Failure to pay enhanced shared parental leave was direct sex discrimination
16 June 2017 #Discrimination
In Ali v Capita Customer Management Ltd, a father succeeded in his claim for direct sex discrimination when he was told that shared parental pay only entitled him to 2 weeks full pay following the birth of his child and not the 14 weeks granted to women on maternity leave.
It was accepted by all that the first two weeks’ maternity pay (the compulsory element) attracted special protection (and, in any event there would be no detriment here as parental leave entitles partners to two weeks’ leave at full pay). However, Mr Ali argued that, after this time, it was the parents’ choice who had time off to care for their child and that men and women should be treated equally in this regard.
The Tribunal agreed with Mr Ali, stating that “It was not clear why any exclusivity should apply beyond the 2 weeks after the birth. In 2016, men are being encouraged to play a greater role in caring for their babies. Whether that happens in practice is a matter of choice for the parents depending on their personal circumstances but the choice made should be free of generalised assumptions that the mother is always best placed to undertake that role and should get the full pay because of that assumed exclusivity.”

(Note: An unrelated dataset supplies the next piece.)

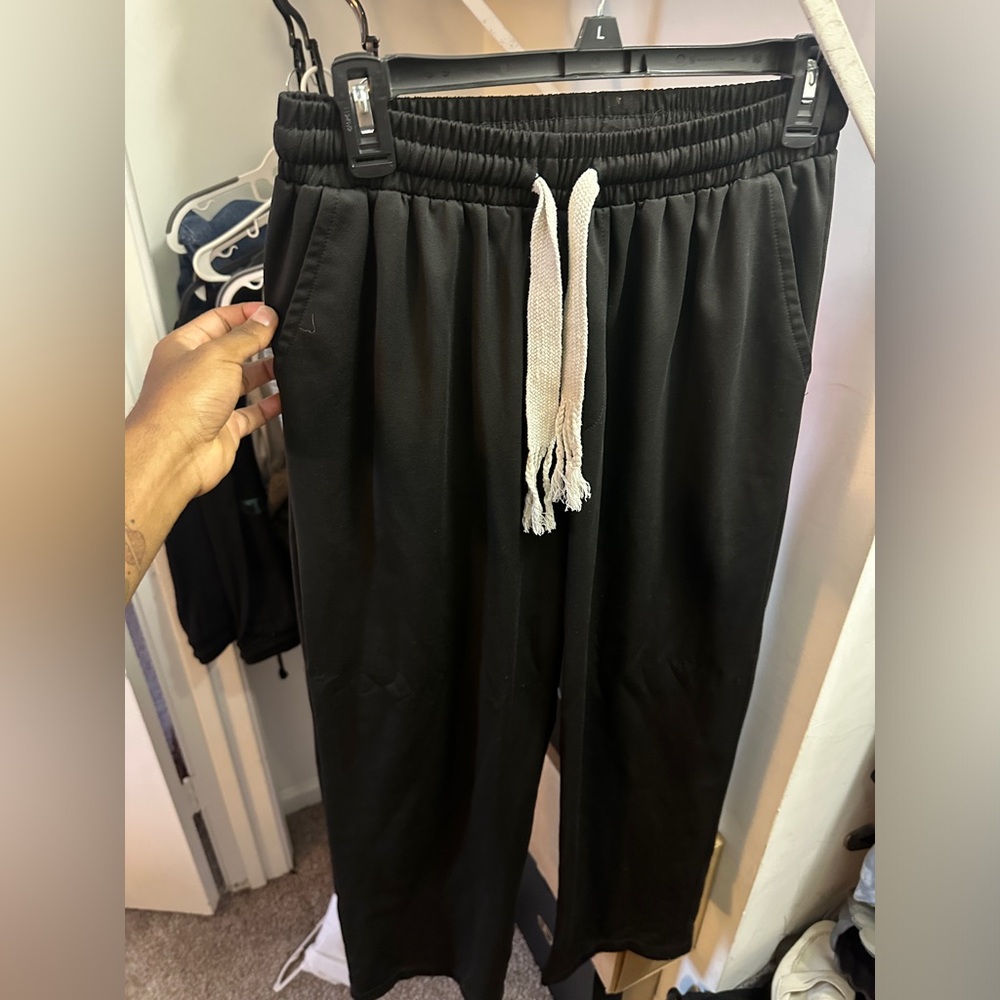 GREAT Condition MEDIUM Dress/Sweatpants.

This case has left us with conflicting Tribunal decisions, as the earlier case of Hextall v Chief Constable of Leicestershire Police, ruled that is was not discriminatory to pay enhanced maternity pay but only statutory shared parental pay. It’s understood that both cases are being appealed and so it’s hoped that an appellate decision will clarify the position. In the meantime, employers would be wise to run a risk assessment on their policies in the event that the decision in Ali prevails.